June 16, 2008
Regarding ‘G8 energy chiefs worried by oil prices, eye nuclear’:
You say that the International Energy Agency (IEA) is calling for a major boost in clean technologies to address the world’s soaring demand for energy (“‘Nuclear, along with carbon capture and storage (CCS), renewable energies and energy efficiency, all must play a much more important role,’ the IEA said in a 6 June press statement”).
But who can believe that such energies will be able, when global annual fossil fuel extraction (oil, gas and coal all together) will have peaked and then begun to decline, to satisfy an ever-increasing energy demand?
Fast growth feeds itself from energy produced at low cost, so that a substantial part of the energy return (EROEI) can be used to increase the annual energy production feeding economic growth. And most of today’s energy is still produced at low cost. But why, then, do we have to pay so much when we buy it?

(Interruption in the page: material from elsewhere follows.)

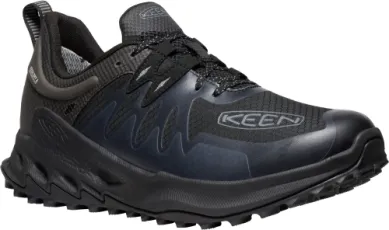 Chaussures Keen Zionic WP pour Homme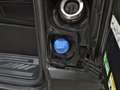 Ford Transit Custom 2.0 TDCI 130CV HEV 320 TREND MIXTO Grau - thumbnail 29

Answer: Simply because we have recently passed the threshold beyond which energy production (still growing) can no longer satisfy demand (growing faster).
In this new conjuncture, a substantial proportion of the profits gathered from high selling prices supports the numerical growth of the populations living in the producing countries and the ones they provide assistance to, allowing those populations to buy consumer goods and in doing so, sustain world economic growth.
Another proportion allows the wealthy elites ruling those countries – and also many speculators – to acquire profitable capital, part of it concerning the development of alternative energies (nuclear, renewables) needed to sustain economic growth.
But it is now becoming ever clearer that the average energy production cost will substantially increase in the course of the decades ahead. Therefore, the energy investment returns needed to feed energy-production growth will slow to such an extent that finally global annual energy production will come to a standstill and reverse into decline.
Improving energy efficiency may provide some delay but its limits will soon be revealed. At some point (within the next decades) the ultimate limits to growth will be reached and expansion will then reverse into contraction. Many of us expect that such an event will bring about economic collapse, as the exchange mechanisms between our world economic system’s components rest on the existence of a financial bubble kept under pressure as long as markets in expansion allow investors to make profits re-injected into the bubble.
But even though they know, most people remain primarily concerned with everyday life and do not want to hear or talk about that. Only crazy people (like me), dubbed ‘doommongers’, dare…but hush! Let’s talk about something else…doommongering is insane.